In what has been deemed as an “historical political accord” between AFN Chief Phil Fontaine and the federal government, a deal has been reached to recognize the need for reconciliation, healing and compensation to address the injustices committed in residential schools.
It’s estimated that the Canadian government will give out lump sum payments to the 86,000 alleged victims.
The AFN report on residential schools that came out late last year suggested that each victim should get at least $10,000, plus $3,000 for every year at each school.
“Canada has committed to an approach which will finally deal with the tragic legacy of residential schools in a fair and just manner,” said Fontaine in an AFN press release. “This accord will not only result in a better, faster and more economic claims process for residential schools survivors who were abused, it is a commitment for the entire country to move forward through a national dialogue on healing, reconciliation, commemoration and truth-sharing.”
That’s not good enough for Waswanipi’s Paul Dixon. “Those numbers don’t sound right. What about the generation that was affected when their kids were taken from them?
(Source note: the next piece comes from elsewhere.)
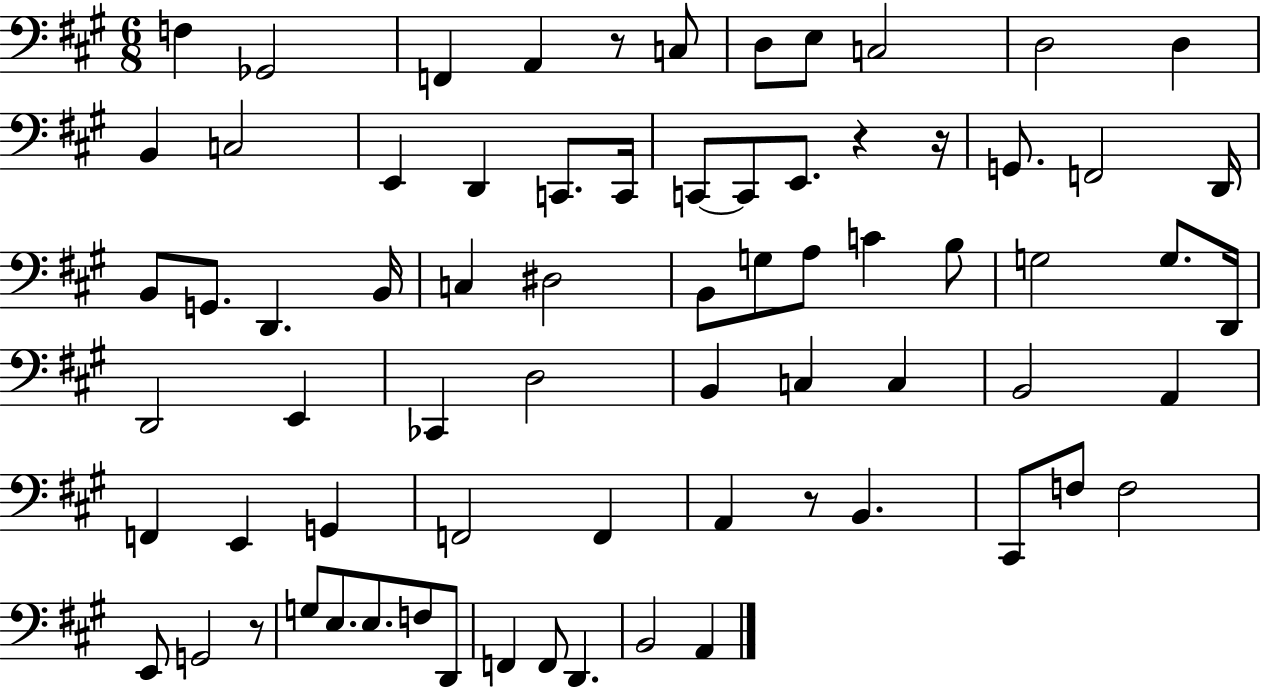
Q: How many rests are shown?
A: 5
My parent’s generation,” said Dixon, who attended the Mohawk residential School in Brantford, Ontario.
“And what about the ones who will never see a penny from that? There are elders dying everyday.”
As it is now, the cases of 11,000 alleged victims are moving along at a snail’s pace in the courts, something which in the long run will be much more costly to both sides.
“I just want an apology. I don’t care so much about the money,” said Dixon. “An apology is worth more than any amount of money they could give us.”